MATERIAL FOR THIS EXERCISE below:

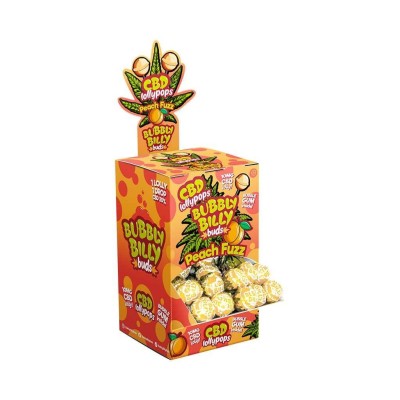 Sucette CBD Peach Fuzz -...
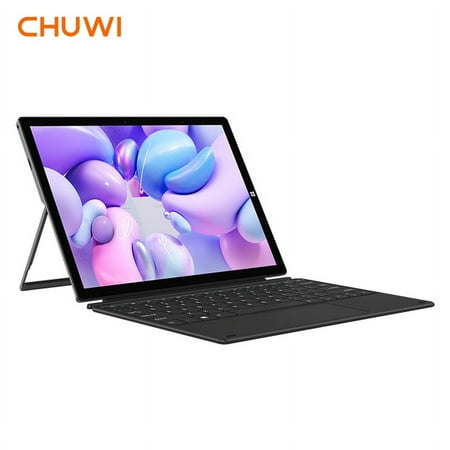CHUWI UBook X 12" Gaming Tablet with KeyBoard ,256G SSD 8G ROM,Windows 11,intel Core N4120,2 in 1 Gaming/Workshop KeyBoard Tablet Laptop PC,2160*1440 2K IPS Display,2023 New Upgrade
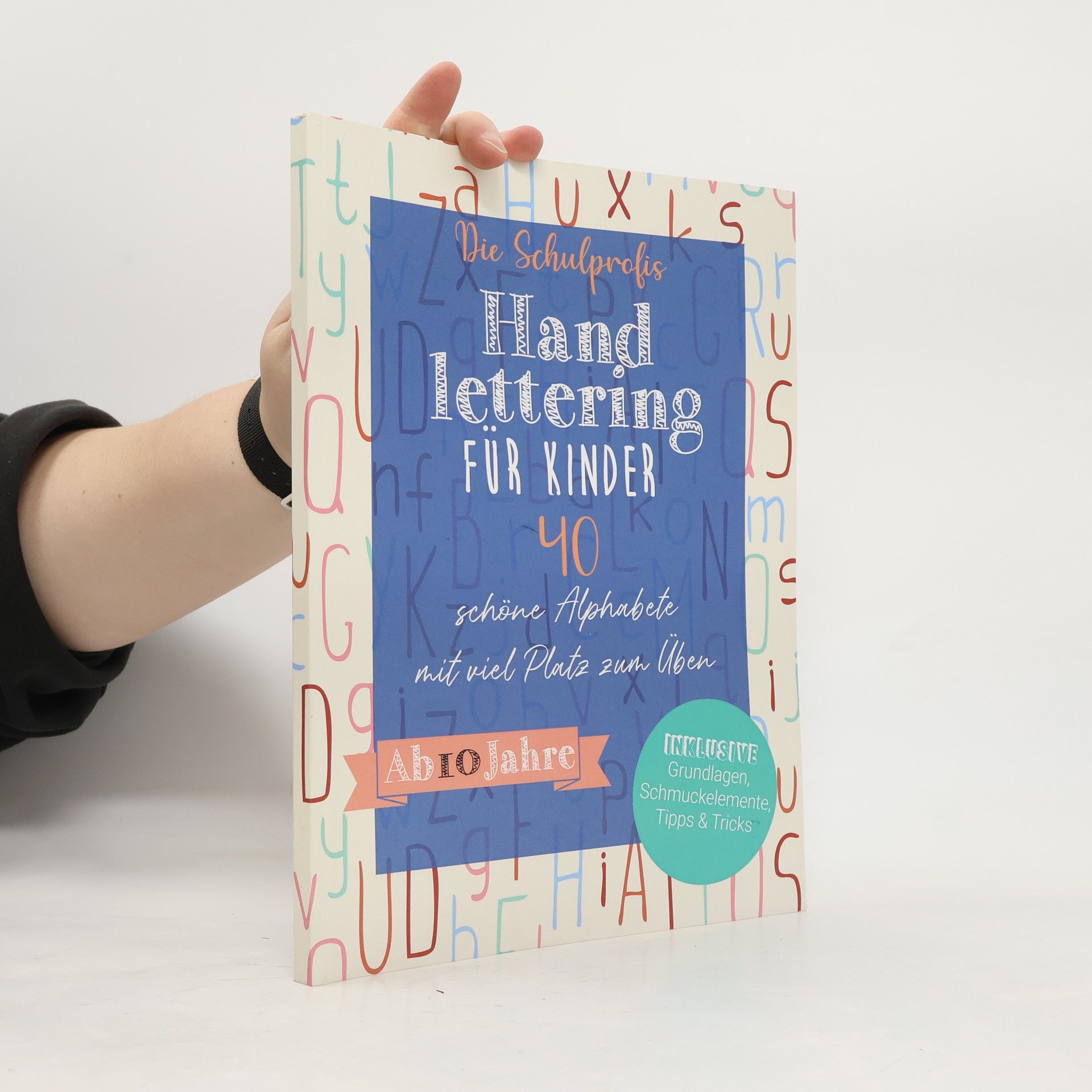 Autorenkollektiv Handlettering für Kinder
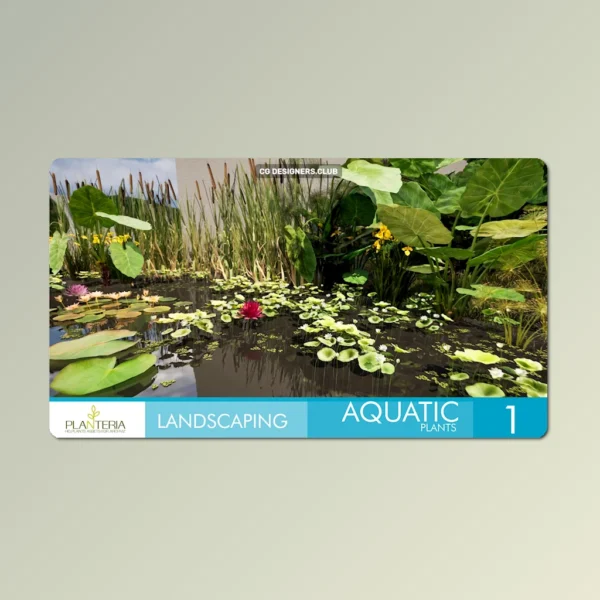 Download Landscaping Aquatic Plants for Unreal Engine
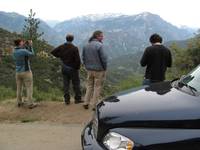 Tammy, Dave, Mark, Collin (Category:  Rock Climbing, Tree Climbing)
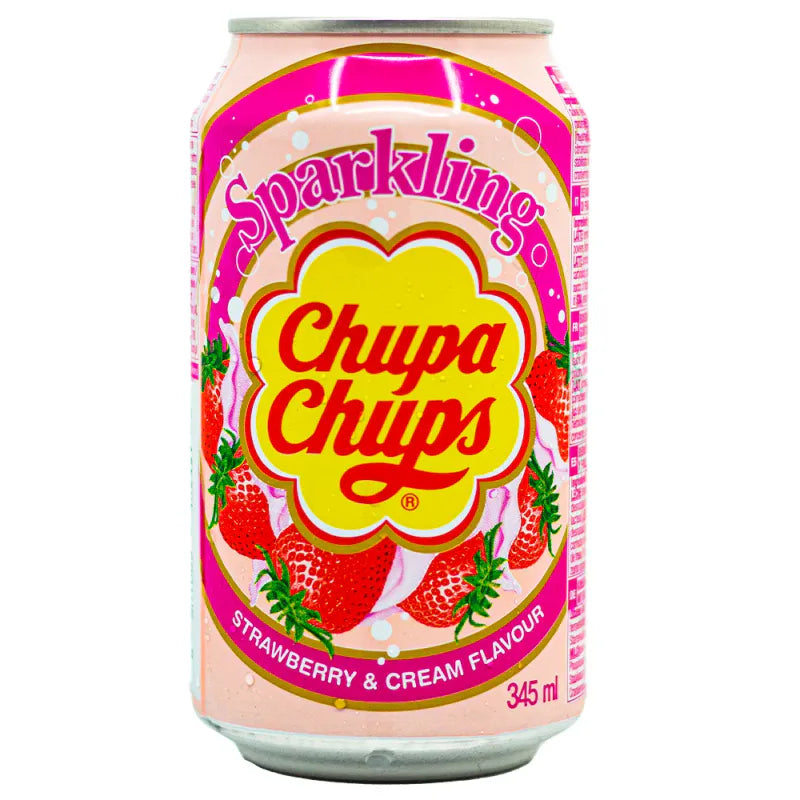 Chupa Chups Drink Strawberry &amp; Cream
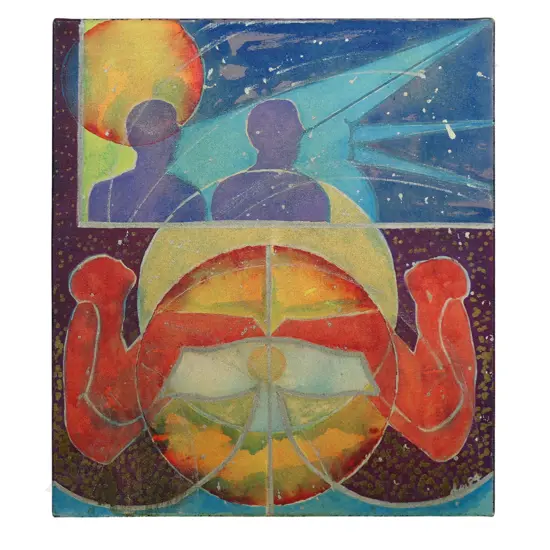 Lee Gobbitt 'Reference' 1984,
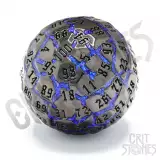 Kostka Voidcaster - Metal D100 - Kostky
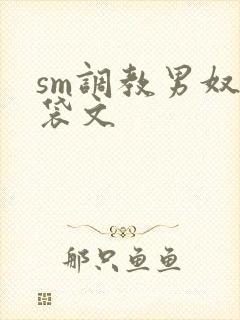 sm调教男奴囊袋文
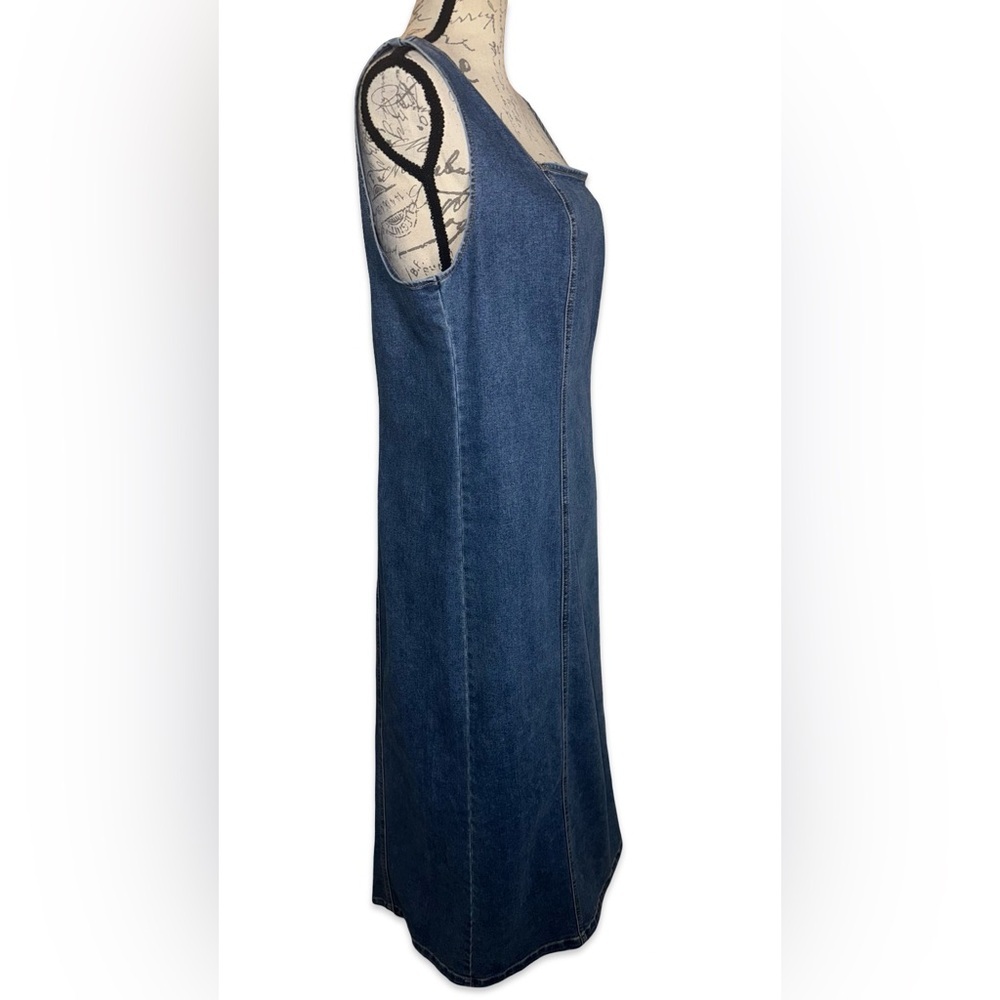 Habitual Denim Dress - Picture 7 of 8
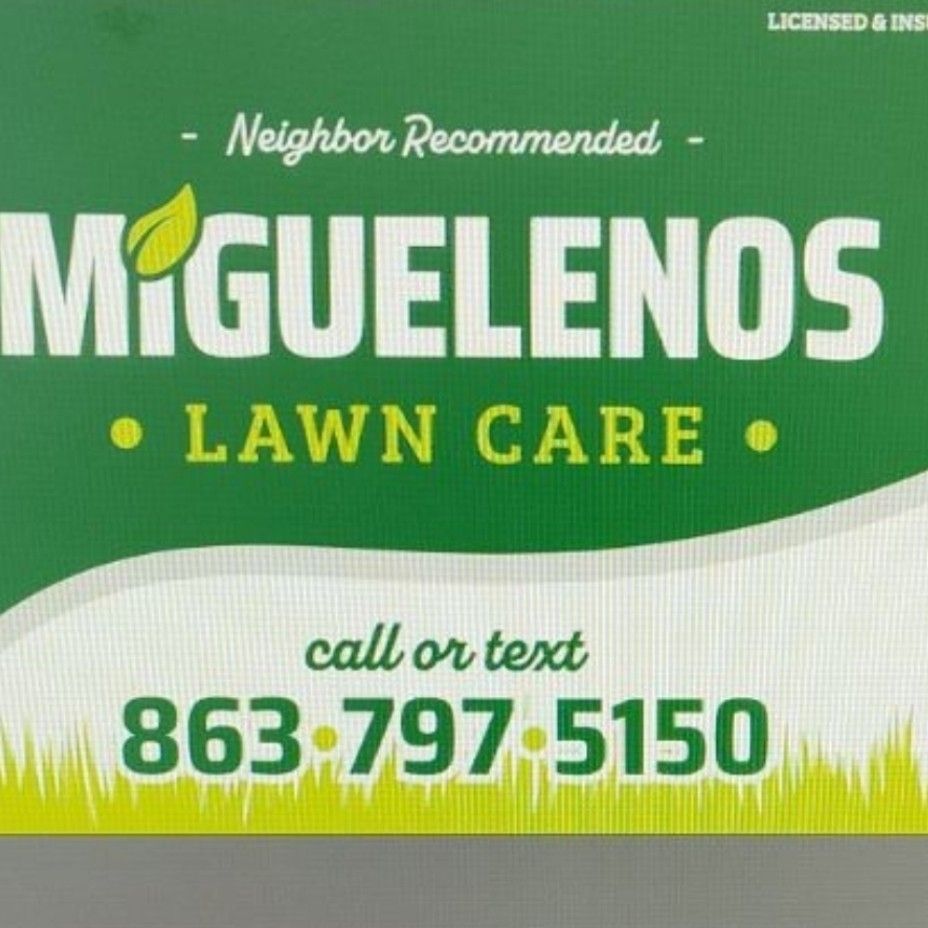 Miguelenos lawn care Corp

End of MATERIAL FOR THIS EXERCISE.

__WHAT NEEDS TO BE DONE__. Set down word for word every line from the one containing "Autorenkollektiv Handlettering für Kinder" through the last line of the records above, both ends included. Leave out the pictures.

__OUTPUT__.
 Autorenkollektiv Handlettering für Kinder
 Download Landscaping Aquatic Plants for Unreal Engine
 Tammy, Dave, Mark, Collin (Category:  Rock Climbing, Tree Climbing)
 Chupa Chups Drink Strawberry &amp; Cream
 Lee Gobbitt 'Reference' 1984,
 Kostka Voidcaster - Metal D100 - Kostky
 sm调教男奴囊袋文
 Habitual Denim Dress - Picture 7 of 8
 Miguelenos lawn care Corp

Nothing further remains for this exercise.